= What you will do =
Pictures stay out; please output the remaining data exactly.

= Recorded data =
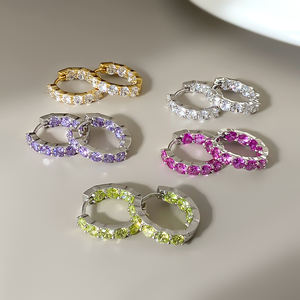 Juego de Aretes Huggie con <span class=keywords><strong>Circonitas</strong></span> <span class=keywords><strong>Multicolor</strong></span>, Aretes Pequeños de Aro con <span class=keywords><strong>Circonitas</strong></span> Redondas, Joyería para Mujer para Fiestas y Uso Diario, Venta al Por Mayor - Product Image 4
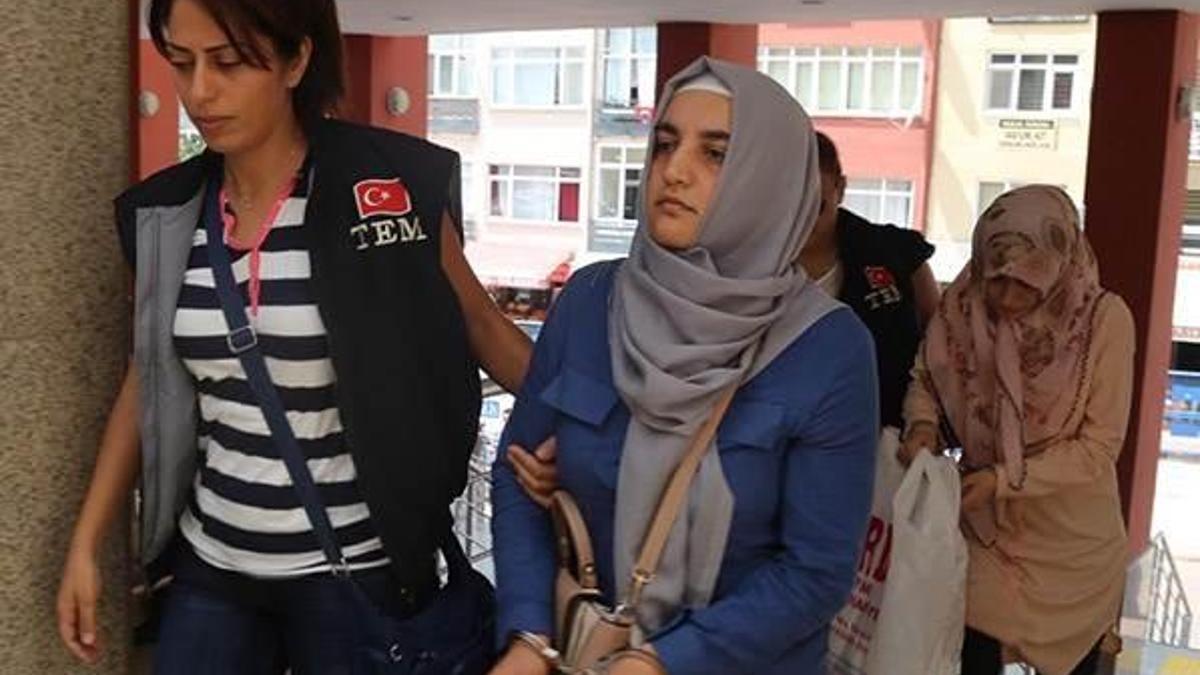 Fethullah Gülen’in akrabası "abla" evleri boşaltırken yakalandı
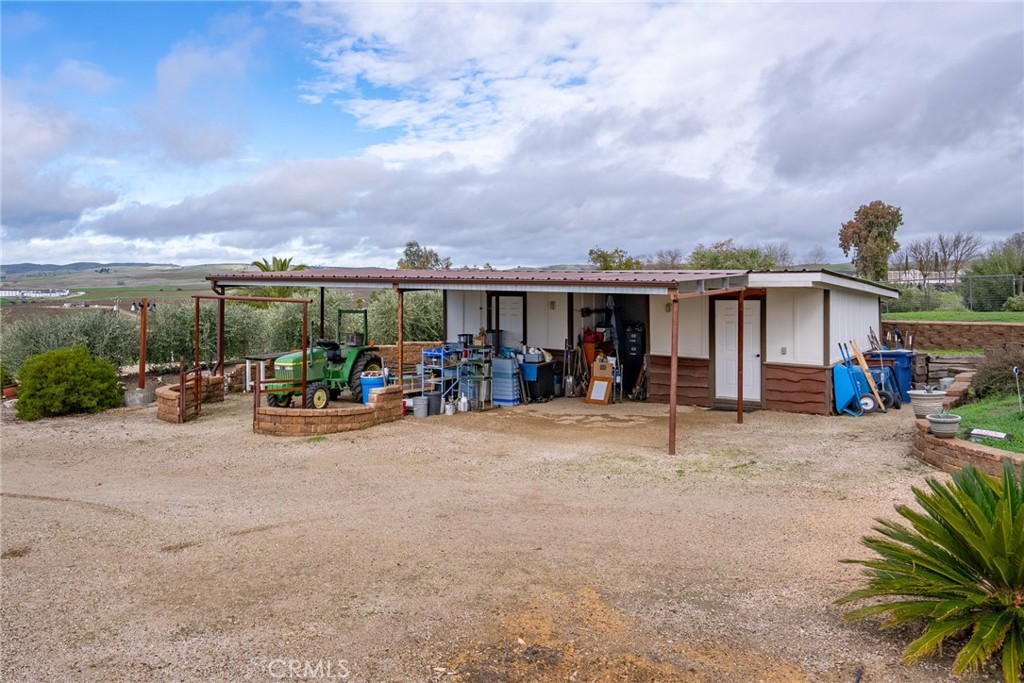 6175 Buckhorn Ridge Place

= Task response =
 Juego de Aretes Huggie con <span class=keywords><strong>Circonitas</strong></span> <span class=keywords><strong>Multicolor</strong></span>, Aretes Pequeños de Aro con <span class=keywords><strong>Circonitas</strong></span> Redondas, Joyería para Mujer para Fiestas y Uso Diario, Venta al Por Mayor - Product Image 4
 Fethullah Gülen’in akrabası "abla" evleri boşaltırken yakalandı
 6175 Buckhorn Ridge Place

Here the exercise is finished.